The second image is from a 1980 performance called Don't Smile; You're on Camera, where she trained a video camera onto a seated audience in front of her. Behind her was a video monitor apparently displaying what the camera recorded. Behind the scenes was an assistant mixing the feed so that when Hatoum trained the camera on someone's clothed chest, either an image of a naked chest appeared, a chest clad in underwear or an x-ray of lungs. At times the gender would be switched as well.

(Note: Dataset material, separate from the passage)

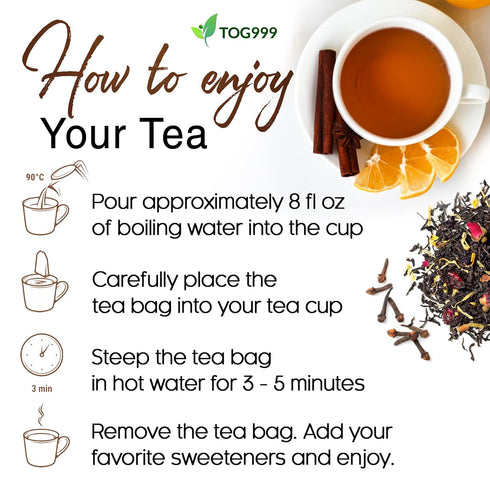 120 Hot Special Cinnamon Tea Bags – Herbal Tea Blend of Cinnamon, Black Tea, Orange Peel, and Cloves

Audience members left in anger.
Hatoum on the Negotiating Table: “My performance work at the time was not necessarily a response to events in Lebanon and the Middle East (with the exception of The Negotiating Table), but dealt with the generalized issue of the relationship between the ‘Third World’ and the West.”
Hatoum: “I think artworks are rooted in one’s history and life experience. So inevitably there is a sense of conflict, threat and instability in my work, but it is not meant as an illustration of my own experience.” Her artworks, while rarely autobiographical or explicitly topical, communicate many of her life’s experiences: an outrage at the entrenched racism and sexism in liberal democracies; the condition of exile; the plight of women; and a wariness of state-sponsored surveillance."